Are the things you say to yourself holding you back?
May 17, 2020
This topic of our beliefs is covered in chapter two of my book, You, You, Me, You: The Art of Talking to People, Networking and Building Relationships.
I wanted to take a deeper dive into how you can change the messages from your past to help pave the way for healthier personal and professional relationships.
Do you feel worthy and deserving of the best life has to offer? I certainly hope so!
However, many people do not feel worthy and have held onto to their negative beliefs all their lives. They might have been true at some time in your life, but are they still true today?
Our beliefs are engrained in us from the messages we heard from early childhood that carry us into adulthood.
One clear positive message I heard often from my father from when I was very young was, “Honey, honey, honey, of course you can do it.” Hearing him say this engrained it in my belief system. I still hear his voice today.
Sometimes our beliefs lift us up, and sometimes they hold us back from taking on a project, achieving a goal, believing in our abilities, or just feeling good about ourselves. We hold onto “I am not good enough (or smart, talented, pretty, etc.)” because we don’t understand that these beliefs have somehow become our truth. We hold onto the positive messages, but people sometimes hold onto the negative ones more. Those negative beliefs can be incredibly powerful!

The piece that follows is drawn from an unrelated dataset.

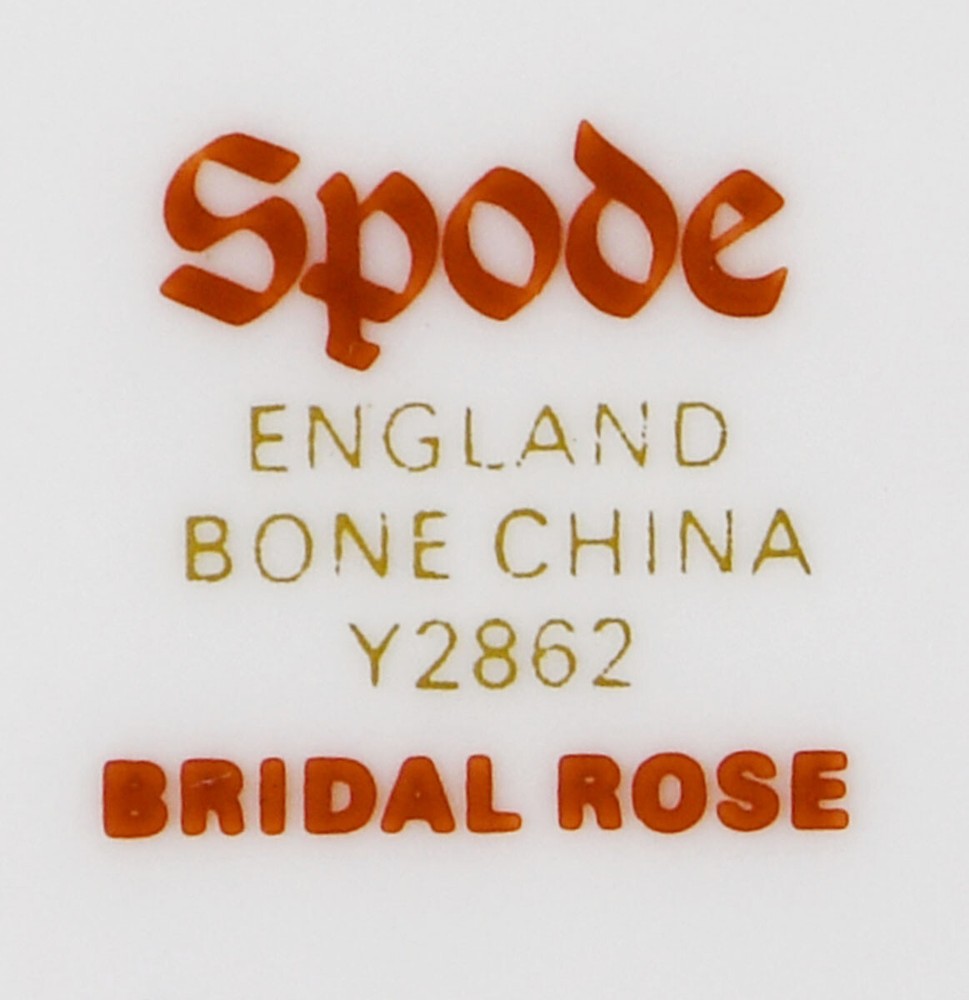 Spode Bridal Rose Dinner Plate (10 1/2")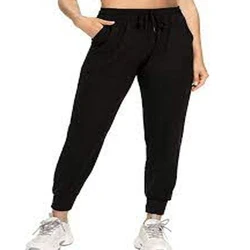 Excellent Quality High Fashioned Women's Joggers Black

I know that exploring the past can be daunting and painful, and there are memories you might prefer to forget. However, exploring those memories will help you understand more about yourself. Joseph Campbell, American Professor of Literature whose work covered many aspects of the human experience once said, “The cave you fear to enter holds the treasure you seek.”
For instance, growing up I often heard I was too sensitive because my feelings would get hurt easily. I would feel so badly about a situation and then my father would say “Honey, honey, honey, you are making a mountain out of a mole hill.” The message I heard was that being sensitive was not a good thing.
Fast forward to adulthood where I am in a field where I help people, and I have found that being sensitive is an asset and a strength. I have changed the message about being sensitive from a bad thing to a positive one. It took work to change the negative belief of “being too sensitive,” but I’ve done it!
How did I change my belief? By listening to the newer messages people were telling me and watching how people were reacting to my being sensitive to their needs.
What if some of the negative messages you heard when you were younger weren’t actually true? Have you ever challenged them and asked yourself, “Are these really true? Even if they were… do they mean the same thing today??
One final example of how our beliefs can sometimes not serve us well is found in the journey to becoming a parent. I have heard many times, “I want to give my child what I did not have.” Maybe growing up they lacked affection, or material goods, or wish they could have attended an Ivy League University. Parents want to live the life they wish they had through their children.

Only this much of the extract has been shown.